WP:CITEBUNDLE might be a solution here. Erik (talk | contrib) (ping me) 13:30, 28 September 2015 (UTC)

Thanks, Erik, but this discussion has clearly moved away from the citation overkill aspect. It's now about "Black" and "Black American" vs. "African American", which is why I used that title when alerting the aforementioned pages to this discussion (and the related section below). Flyer22 (talk) 13:34, 28 September 2015 (UTC)
Sorry, haven't had my coffee yet. What about applying MOS:IDENTITY? Erik (talk | contrib) (ping me) 13:39, 28 September 2015 (UTC)
MOS:IDENTITY was used. That's why I provided so many reliable sources. Including one from an African-American publication. But clearly, that wasn't good enough for one editor. But again, if you'll support it, I'll restore it. Or even you can. Thanks again. X4n6 (talk) 13:58, 28 September 2015 (UTC)
  • Many thanks User:Erik. I'd certainly be happy to do that. I originally gave multiple sources. However I voluntarily removed them because of claims of overkill. If you would support the restoration of those cites, please let me know. And just to be clear, the question has always been about the difference between "black" and "African-American." Although the other editor has demanded to include "black American" in the discussion, which is fine, but as discussed below, "black American" and "African-American" obviously aren't the same either. See: Charlize Theron. Thanks. X4n6 (talk) 13:54, 28 September 2015 (UTC)
I demanded nothing. Flyer22 (talk) 14:06, 28 September 2015 (UTC)
Erik, I highly doubt that X4n6 considered MOS:IDENTITY or was even aware of that guideline. If X4n6 were aware of it, then stating that "black" shouldn't be used is ridiculous, given that Davis identifies as black. Flyer22 (talk) 14:10, 28 September 2015 (UTC)
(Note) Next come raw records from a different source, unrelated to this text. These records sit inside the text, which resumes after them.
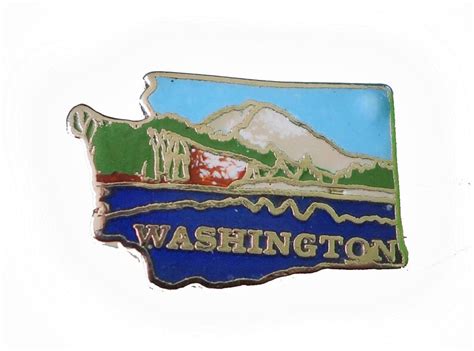 Washington State Vintage Enamel Pin Lapel Badge T Mafco Etsy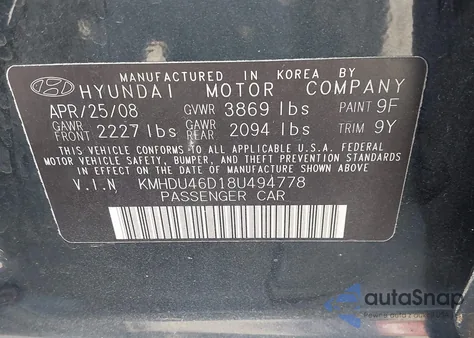 2008 Hyundai Elantra Gls/Se z USA, uszkodzony, nr VIN KMHDU46D18U494778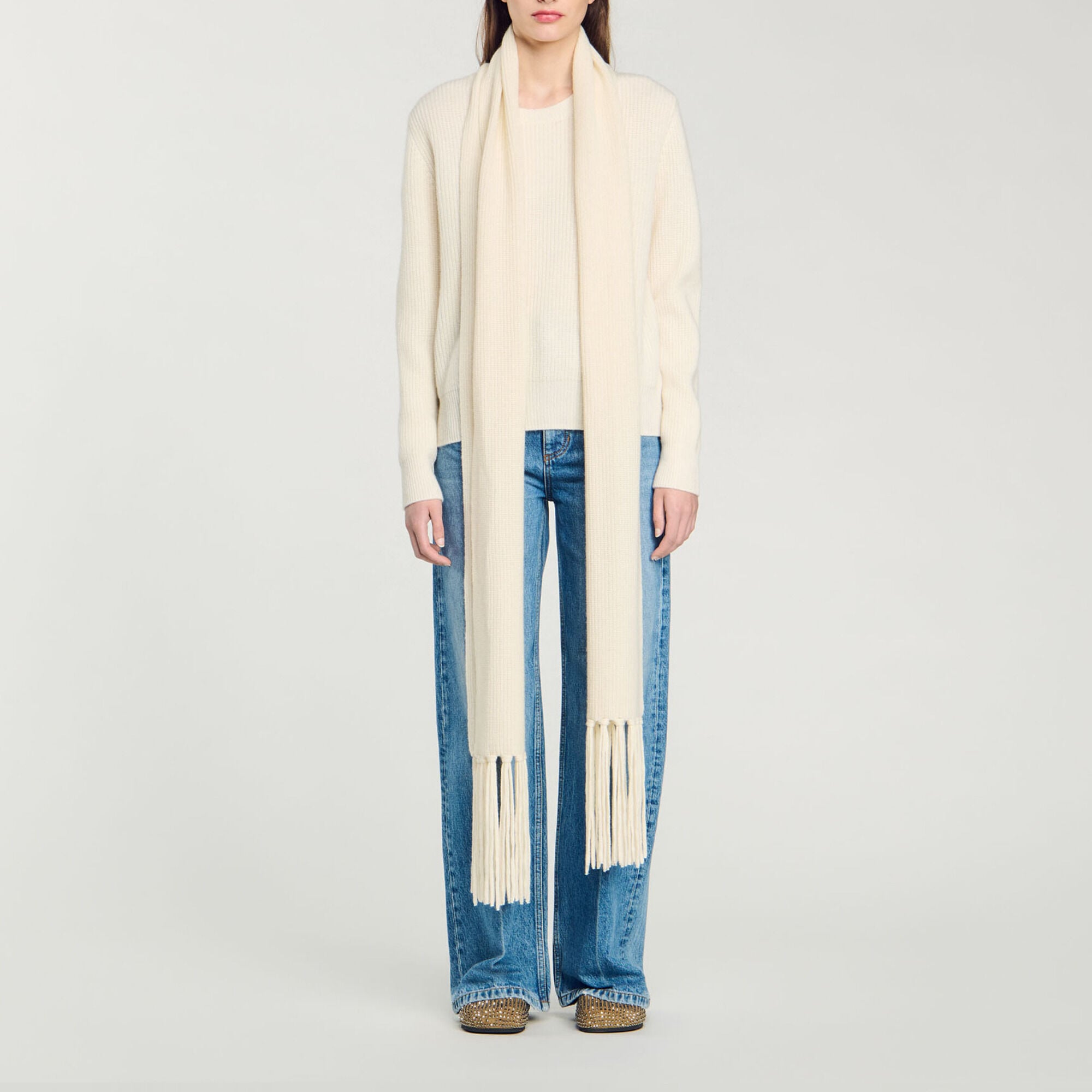 Maglione in maglia con colletto sciarpa - Donna | Sandro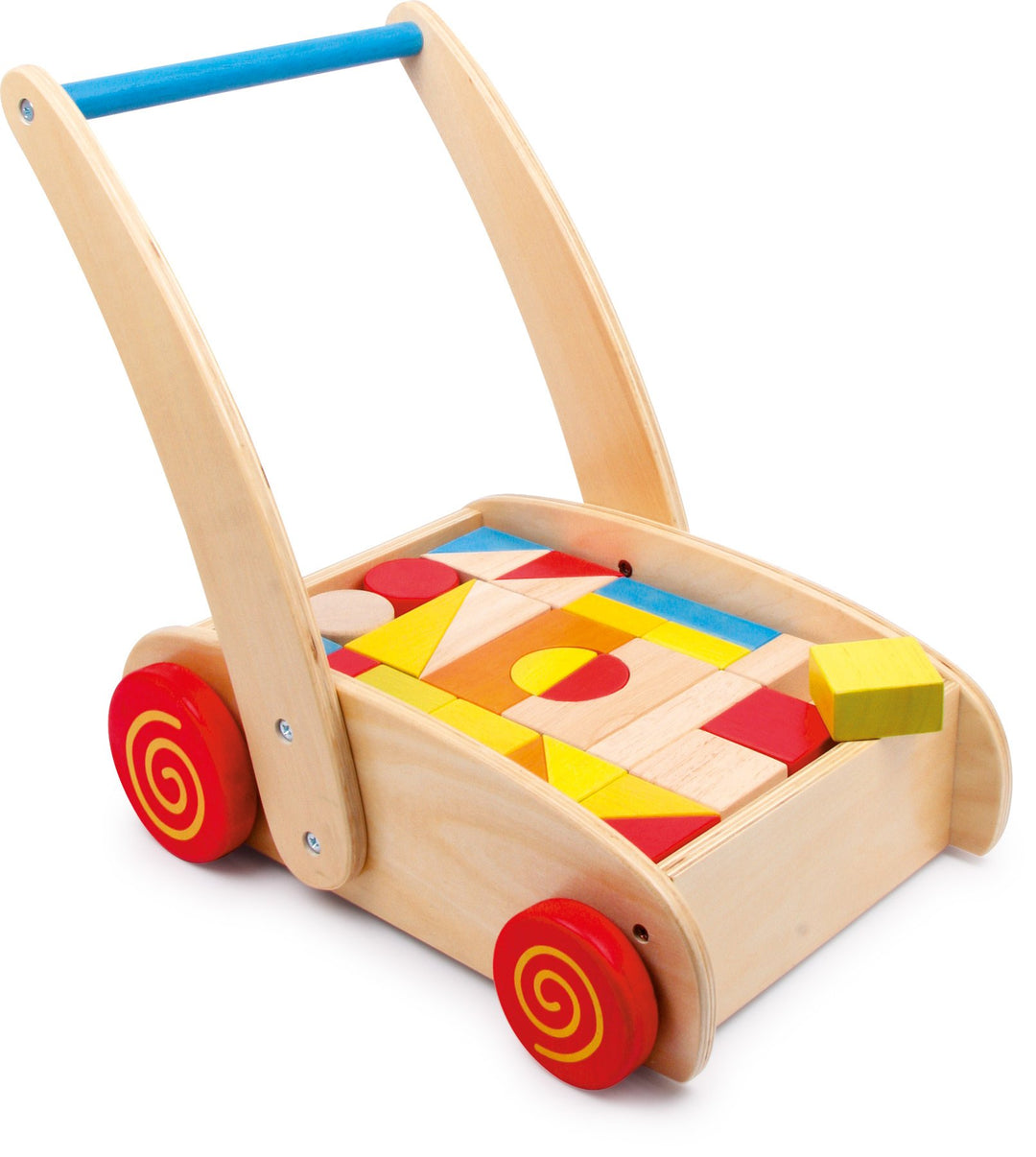 Small Foot Lauflernwagen Bauklötze aus Holz, Motorikspielzeug für Farb-und Formverständnis, ab 12 Mo
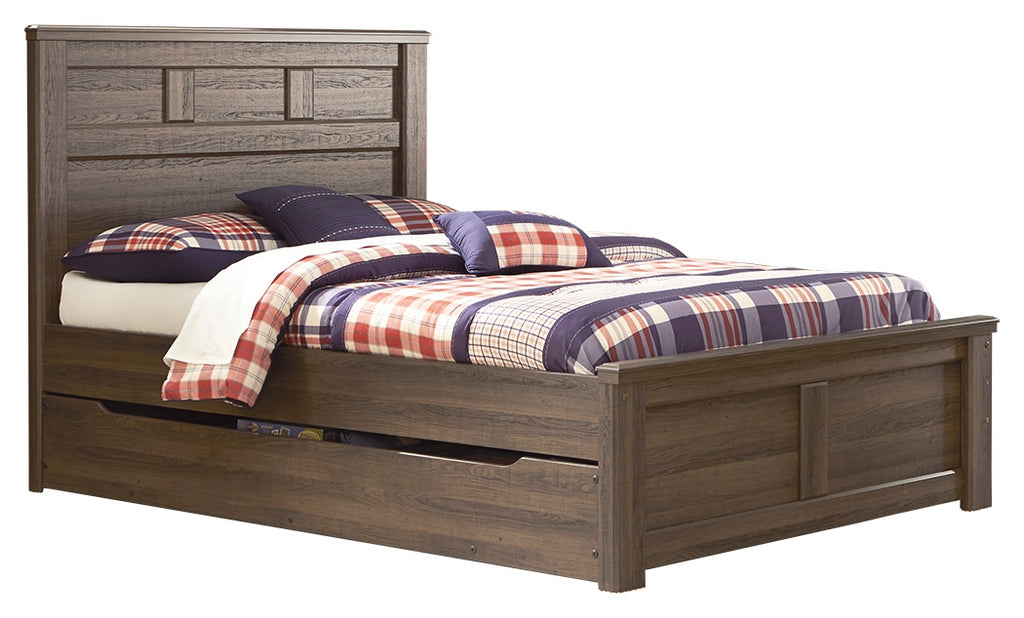 Juararo B251YB5 Dark Brown Full Panel Bed with Trundle or 1 Large Storage Drawer
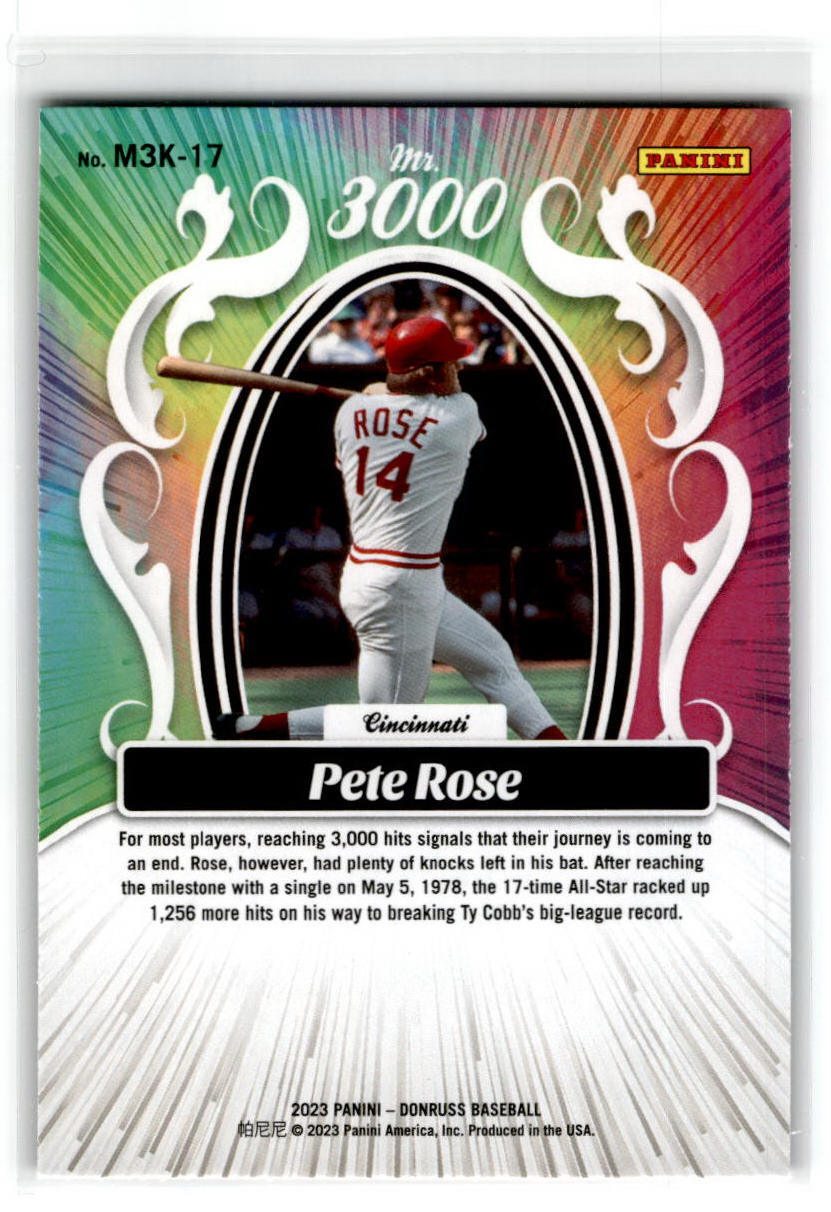 2023 Donruss Mr. 3000 Pink ##M3K-17 Pete Rose Cincinnati Reds.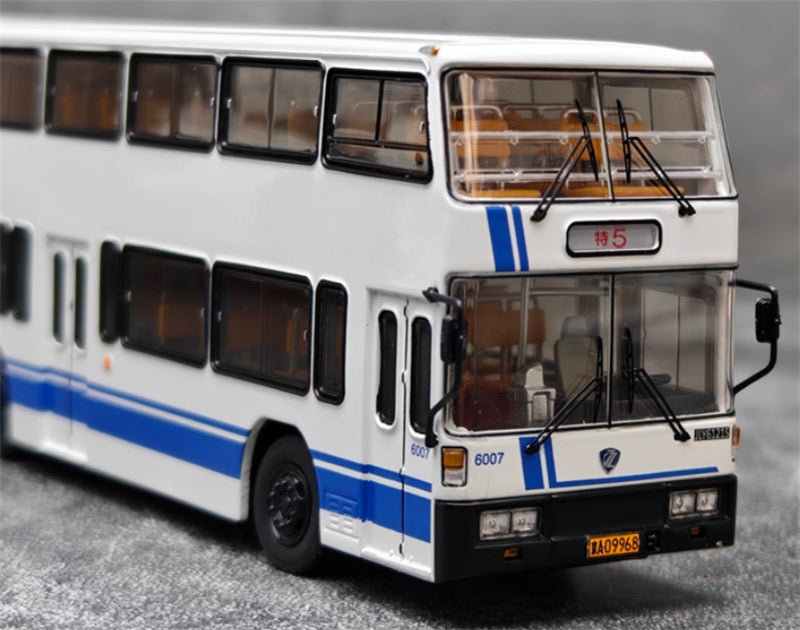 AUTO-GLIMPSE Jinling Double decker JLY6121S Special Route 5 Bus Blue white coating 1:64 Bus Pre-built Model view6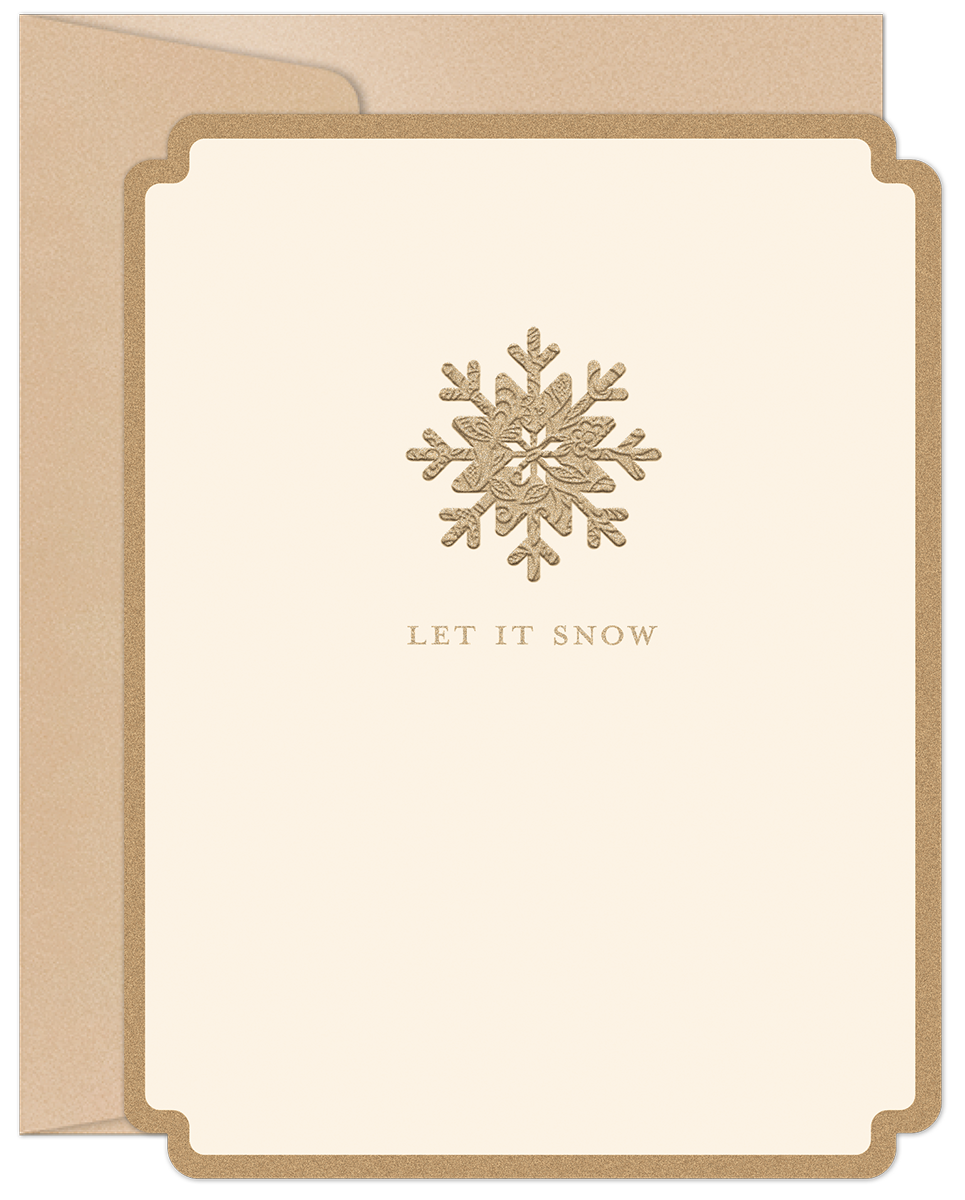Elegant winter greeting card set featuring an embossed gold snowflake on an off-white card with a brown envelope. The front reads 'LET IT SNOW' in a classic font, perfect for holiday season's greetings.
Attn. Editors: Please note that "black" and "African American" are not interchangeable terms.[edit]

As there seems to be some confusion about the two terms, please note that for the purposes of encyclopedic entries, the terms "black" and "African American" are not interchangeable. While they may refer to the same thing in some conversational settings; and, of course, there are cases where either is correct; they are still not identical terms. As such, they are not interchangeable. The term "black" is a racial identifier which might apply to people of many countries. While the term "African American" is specific to native-born Americans of African descent, and as such, is an ethnic identifier.

As examples, while Bob Marley was, and Usain Bolt is, unquestionably "black" - obviously neither is "African-American" - as both were born in Jamaica.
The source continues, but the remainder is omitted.